R e-entry after a longish vacation is always a disorienting time. You turn the key and have to push the door hard to get past the drifts of unopened mail. Most of the mail is bills, of course, and that brings on its own sense of delirium.
But for me what’s made the past few days especially bizarre is to find that, after two weeks of avoiding the news cycle, I return to discover that Barack Obama has become my president, prophet and anointed philosopher king — all without an election!
While dumping out heaps of sandy vacation laundry, I learn from NPR that “Barack Obama has left Jordan and is on his way to Israel,” as if his movements are already of such national import that we all need to know what he said before he got on the plane, at what time he’ll be airborne, and what he’s expected to say when he lands.
NPR believes I wish to know these things. I don’t, really. What I’d like to know is why nobody makes a fuss when John McCain goes overseas. We are a politically divided country, after all; half of us, give or take, vote Republican, and you’d think that broadcasters might remember those of us in the Other America.
In the past few days I’ve been repeatedly assured that our new leader-apparent is “burnishing his foreign policy credentials” (rather than creating them) on his fly-past of exotic distant locations.
And that is so much more interesting than the boring fact that Obama’s unsung rival already has foreign policy credentials. When Barack Obama was a callow teenager, John McCain had already seen the world; over 30 years he’s repeatedly visited Europe and Asia and Latin America and the Middle East. If any candidate knows foreign affairs, McCain does. And the world knows him — and likes him, too.
Even McCain’s old torturers in Vietnam are so impressed by his mettle that the chief Hanoi Hilton hotelier told the BBC he’d vote for him if he could. I guess we’d hear more about that if he weren’t merely an aging pretender to the throne.
I’m chopping tomatoes for dinner the first night back when C-SPAN tells me that Barack Obama has decided to give his coronation speech in an outdoor Denver venue vast enough to seat 81,000.
Why? One reason is, of course, to remind us all of the similarities between the dauphin and Camelot’s venerated dead king. JFK also gave such a speech, in such a place.
Another more cunning reason: The dauphin knows that he has only a few more courtier-delegates than the still-dangerous usurped Queen Hillary.
Put all their courtiers in one room, and the people might notice just how narrow his victory was. Drown the queen’s minions in a sea of tens of thousands of Obamaniacs, however, and the optics will delude.
Obama is the man who will be king, he is a foregone conclusion — and his noble visage is everywhere. As I’m throwing shoes into bins in our mud room, Obama’s face looks out from seemingly every one of the newspapers piled high in our absence. He’s always shot slightly from below, his eyes narrowing under the weight of his intelligence and his jaw jutting handsomely.

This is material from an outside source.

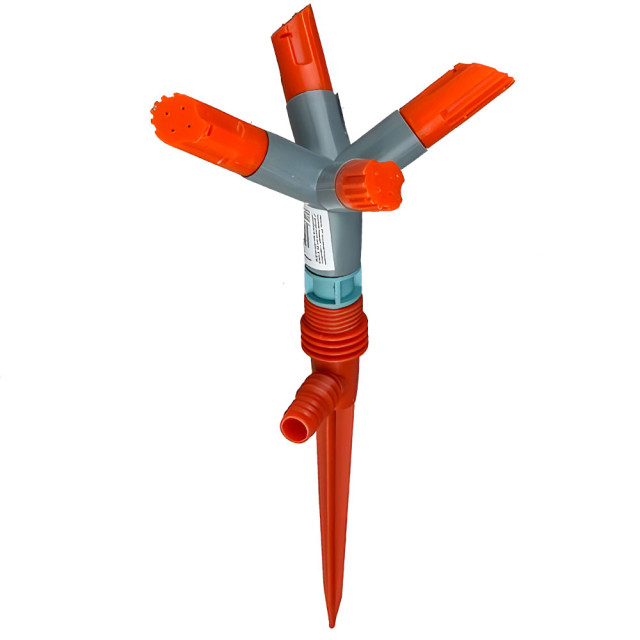 Разбрызгиватель №24 60173 огородный 4-х рожковый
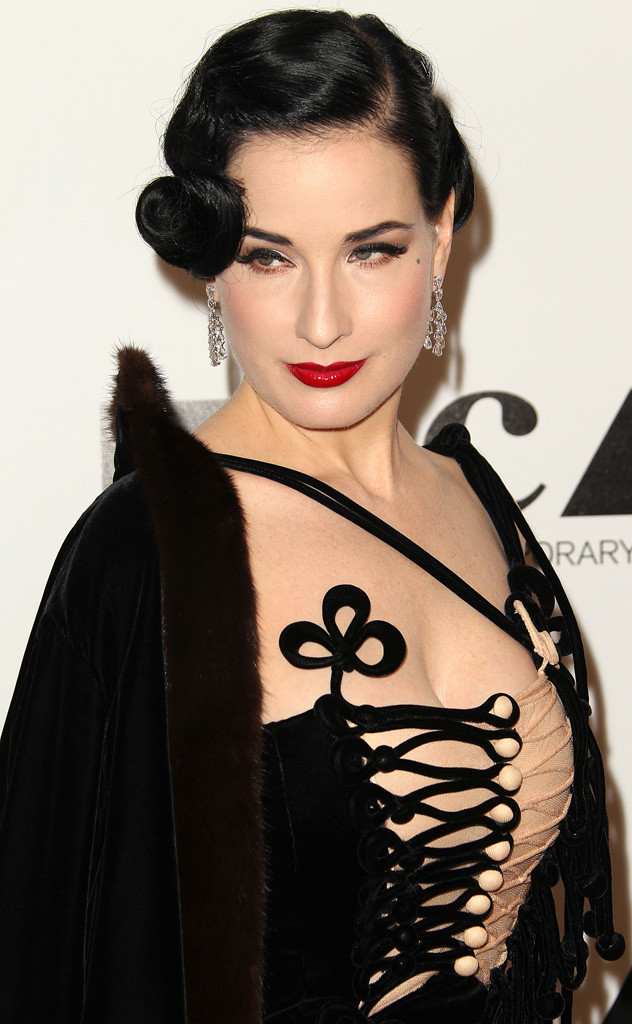 Дита фон Тиз (Dita Von Teese)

Having been away from Obama’s images in the media and the image-making around him for two weeks, I’m struck afresh with the way it all looks like propaganda. His photos seem straight from the pages of Pravda, as reprinted by The Washington Post and The New York Times. Even that astonishing New Yorker cover, which came out while we were at the beach, seems not to have dented Obama’s pixilated halo.
At last, though, some prominent journalists are getting queasy. NBC’s Andrea Mitchell expressed disquiet this week with the controlled footage from Obama’s trips to Iraq and Afghanistan, where he gave what she said “what some would call fake interviews,” to non-journalists. Of Obama’s message management, Mitchell said, “We’ve not seen a presidential candidate do this in my recollection ever before.”
But surely only a docile press lets a candidate get away with tactics like these. Is it any wonder that in a Rasmussen poll earlier this week, 49 percent of voters said they think reporters favor Obama in their coverage, and only 24 percent trust the press to report the election without bias?